Scalable Deep Learning of Histology Images Reveals Genetic and Phenotypic Determinants of Adipocyte Hypertrophy.

Abstract

Background: White adipose tissue dysfunction has emerged as a critical factor in cardiometabolic disease development, yet the cellular microstructure and genetic architecture of adipocyte morphology remain poorly explored.

Methods: We introduce Adipocyte U-Net 2.0, an advanced deep learning method for the semantic segmentation of adipose tissue histology, enabling analysis of over 27 million adipocytes from 2,667 individuals.

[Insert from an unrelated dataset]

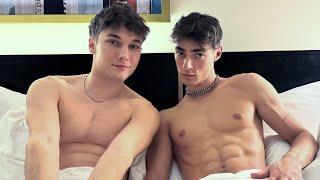 Two Twinks in Bed - Adult star about coming out risks and love for Daddies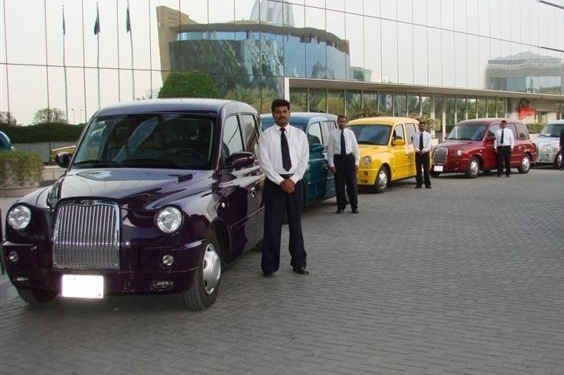 Britská taxi.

Findings: Our approach revealed that adipocyte hypertrophy associates with metabolic dysfunction, including increased fasting glucose, glycated hemoglobin, leptin, and triglycerides, with decreased adiponectin and HDL cholesterol levels. Through the largest genome-wide association study of adipocyte size to date (N _Subcutaneous = 2,066, N _Visceral = 1,878), we identified four genome-wide significant loci: two in sex-combined analysis (rs73184721 in NAALADL2 and rs200047724 in NRXN3 ) and two female-specific variants (rs140503338 and rs11656704 in ULK2 ). Notably, these genetic associations showed congruent relationships with cardiometabolic traits, suggesting shared biological mechanisms.

Interpretation: Our findings demonstrate the utility of deep learning for adipocyte phenotyping at scale and provide novel insights into the genetic basis of adipocyte morphology and its relationship to metabolic disease.